ReplyDeleteWhen I recently resigned from napo I raised com Pom workload disparity and the lack of any union drive to address it. This is what Ben Cockburn emailed me in response - “ The only issue I'd disagree with you on is that, given the contacts we're having with members in both roles as well as my previous experience as a Probation Officer, I don't accept the existence of a general disparity in workload between COMs and POMs as two groups of staff.”
ReplyDeleteIs it just me? It can’t be, all my com colleagues agree everything falls to coms, poms I speak to say they would never return to community case management. So why does napo not see it?
Because napo has chosen their future side and it's not probation officers?
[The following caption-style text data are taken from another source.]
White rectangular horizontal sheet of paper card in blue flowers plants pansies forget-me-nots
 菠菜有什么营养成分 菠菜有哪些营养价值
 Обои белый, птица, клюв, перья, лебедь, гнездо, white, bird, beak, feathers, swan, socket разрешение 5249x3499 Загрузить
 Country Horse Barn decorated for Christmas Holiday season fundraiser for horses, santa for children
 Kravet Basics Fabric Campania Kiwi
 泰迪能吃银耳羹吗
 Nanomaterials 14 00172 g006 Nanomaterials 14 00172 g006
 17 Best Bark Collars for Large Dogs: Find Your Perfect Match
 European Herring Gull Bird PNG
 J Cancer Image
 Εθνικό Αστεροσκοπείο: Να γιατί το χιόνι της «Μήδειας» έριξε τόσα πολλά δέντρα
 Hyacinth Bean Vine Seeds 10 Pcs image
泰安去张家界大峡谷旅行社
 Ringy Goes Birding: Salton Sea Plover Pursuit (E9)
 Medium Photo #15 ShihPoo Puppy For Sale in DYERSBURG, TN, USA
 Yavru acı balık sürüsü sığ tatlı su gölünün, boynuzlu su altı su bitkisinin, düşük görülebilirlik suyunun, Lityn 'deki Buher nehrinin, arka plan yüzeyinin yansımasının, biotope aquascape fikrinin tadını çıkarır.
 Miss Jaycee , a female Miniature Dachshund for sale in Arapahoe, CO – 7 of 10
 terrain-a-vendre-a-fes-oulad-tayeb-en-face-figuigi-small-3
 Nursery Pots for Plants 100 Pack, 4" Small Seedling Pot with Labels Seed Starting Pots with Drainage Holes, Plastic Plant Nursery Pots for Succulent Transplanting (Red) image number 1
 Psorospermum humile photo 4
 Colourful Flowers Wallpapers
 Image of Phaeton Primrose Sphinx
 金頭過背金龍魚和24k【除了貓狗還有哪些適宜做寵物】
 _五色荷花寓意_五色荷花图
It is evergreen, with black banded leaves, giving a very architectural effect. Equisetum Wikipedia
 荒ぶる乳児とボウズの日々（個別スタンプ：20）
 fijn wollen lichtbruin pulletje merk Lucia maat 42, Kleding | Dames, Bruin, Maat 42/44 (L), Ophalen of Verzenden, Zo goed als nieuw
ReplyDeleteI was a POM. In the six years I was in prison I never met a probation senior manager, they never visited prisons. There was no workload weighting tools for POMs I queried this with NAPO and was told we did not need one as it was a 9-5 role and we did not have the challenges that the community had. POMs are seen as a grade below and inconsequential, you are a gopher for the community. It is always the POMs fault if the prisoner had not been downgraded, had not completed behavioural work and their risk not reduced. I was one occasion told to disregard a psychology assessment as the community wanted the case allocated to a band 3. I was respected by my prison SMT, I was acknowledged for my knowledge and experience and was listened to in meetings. I had access to a gym and was granted flexible working. When I was made to leave because they wanted me back in the community I was handed a caseload of forty out of date cases with poor OAsys countersigned by inexperienced managers, some in breach but no action taken, some recalled but no up to date entries about what was going on. My flexible working was removed as it was incompatible with the staff already on flexible working and I was the ‘new nod’. I left when the cases I had updated were reallocated to colleagues who in turn would give me an out of date case, because I had a break in prison. I am much happier now with a good job, increased salary and an employer that acknowledges my work ethic, knowledge and experience.The probation service I joined was a great one and leaving after 20 years because it was in turmoil was a sad day. Lose the division between POMs and COMs as you are all on the same side!